Ну, волков бояться – в лес не ходить. Ведь, согласившись на эту работу, я сжег за собой мосты, и теперь моя жизнь и мое благополучие находятся в прямой зависимости от удачи и умения фехтовать.
– Я согласен, – спокойно произнес я, – жду вас с вашим бретером ровно через час на заднем дворе трактира. Господа, надеюсь, кто-нибудь из вас окажет мне честь выступить моим секундантом?
– С превеликим удовольствием, сударь, – ответил первый из подошедших дворян. – Шевалье де Рец к вашим услугам. А это мой друг – барон дю Бартез.
– Шевалье Орлов к вашим услугам, – мы раскланялись друг с другом.
– Час – это слишком мало, – опять подал голос южноалезийский дворянчик, – я не успею!
– Поскольку вы выставляете вместо себя бойца, – мгновенно отреагировал пожилой господин, – право выбора места и времени поединка переходит к шевалье Орлову.
– Ах так! – маркиз в бешенстве нахлобучил шляпу по самые глаза. – Вы пожалеете об этом! Я вернусь через час, и вы пожалеете!
– Маркиз! – окликнул я направившегося было к выходу оппонента. – Вы забыли заплатить за ужин.
Он дернулся, как от пощечины. Резко обернулся, хотел что-то возразить, но вовремя остановился. Только желваки заиграли на скулах да глаза от злости чуть не вылезли из орбит. Вернулся к стойке и молча выложил серебряную монету, жестом руки остановив мэтра Пигаля, кинувшегося отсчитывать сдачу – мол, сдачи не надо, гордые мы.
8
Стоял прекрасный, теплый майский вечер. Воздух был насыщен ароматом цветущей сирени, в который легкий ветерок иногда привносил запахи трактирной кухни. Бесчисленные сверчки увлеченно состязались в песнопениях. Со стороны Каштановой улицы доносился отдаленный гул гуляющих. Именно там находилось место традиционных вечерних гуляний благородной публики, проживающей в восточной части Монтеры. Я представил себе на минуту эту картину. Освещенную ярким светом многочисленных фонарей улицу, неспешно прохаживающихся, разодетых по последней моде дам, расфуфыренных кавалеров с напомаженными усами, благоухание парфюма, звуки музыки, аромат свежих пирожных от лучших кондитеров столицы. Представил себя в новом камзоле, в новой шляпе с фиолетовым пером, вышагивающего под руку с прекрасной дамой. Тяжкий вздох прервал мои мимолетные мечтания. Не вписывался я в эту благостную и беззаботную картину, не было мне в ней места.
– Где же твое место, Рене Орлов? – прошептал я в отчаянии. – Неужели на заднем дворе второсортного трактира?
Я сидел на старом тележном колесе во дворе «Серебряного оленя» и разминал кисти рук в ожидании бретера маркиза Аламеды.
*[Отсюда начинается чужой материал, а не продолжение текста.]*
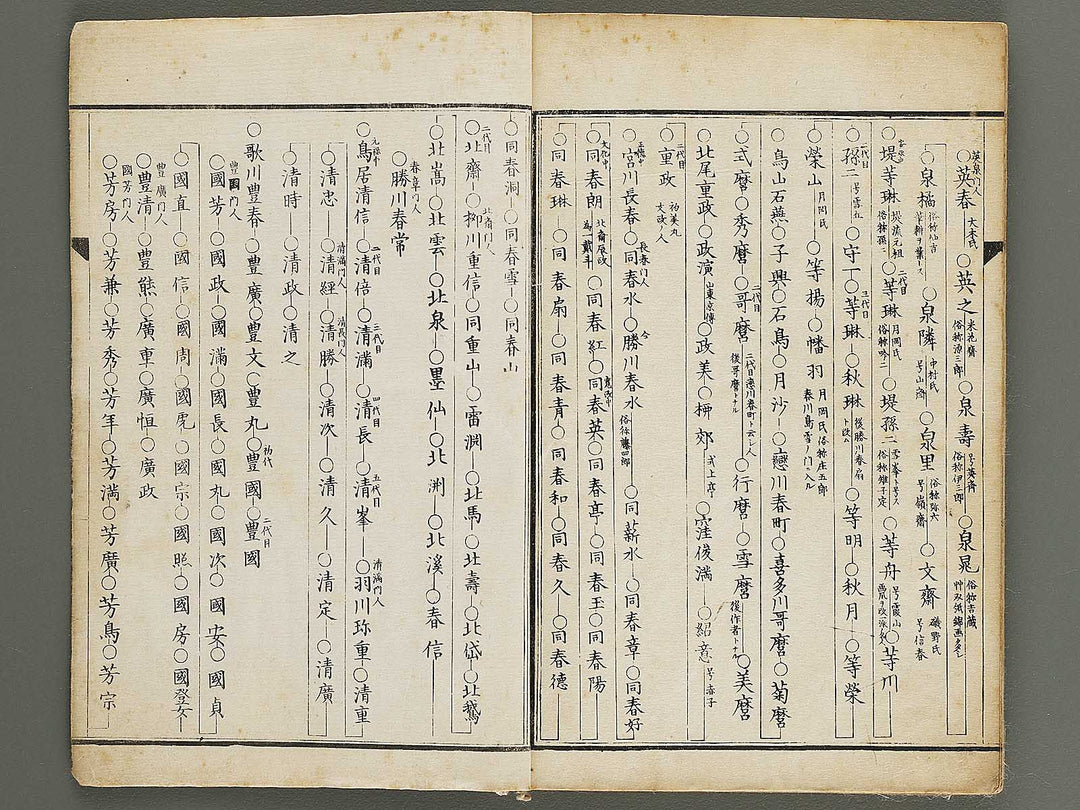 Kyosai gadan (Naihen, Ge) by Kawanabe Kyosai / BJ341-229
Де Рец и дю Бартез тихонько шептались чуть поодаль. Дальняя часть двора тонула во мраке, но здесь, ближе к зданию, имелась утоптанная площадка шагов двадцать в ширину и столько же в длину, и она вполне прилично освещалась светом расставленных по забору факелов.
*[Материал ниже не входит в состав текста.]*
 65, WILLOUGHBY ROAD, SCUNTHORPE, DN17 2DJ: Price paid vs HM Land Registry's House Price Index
Они появились на четверть часа позже назначенного срока, когда мои секунданты уже начинали проявлять признаки раздражения. Первым из-под арки ворот появился сам маркиз. Сразу за ним следовал закутанный в черный плащ господин в широкополой шляпе, надвинутой на самые глаза и отбрасывающей густую тень на лицо. Только когда он вышел на освещенное место, выяснилось, что верхняя часть лица незнакомца скрыта под полумаской из красного бархата. Прямо маскарад какой-то!
Шагах в пяти позади таинственного незнакомца вальяжно вышагивали еще двое господ. Один – невысокий толстячок с пышными рыжими усами, другой – среднего роста крепыш, черноусый и с аккуратным клинышком бородки на надменном лице с презрительно оттопыренной нижней губой.
Я поднялся навстречу подошедшим. Рец и Бартез встали по бокам, на полшага позади меня.
– Господа, вы опоздали по крайней мере на четверть часа! – де Рец нисколько не скрывал раздражения.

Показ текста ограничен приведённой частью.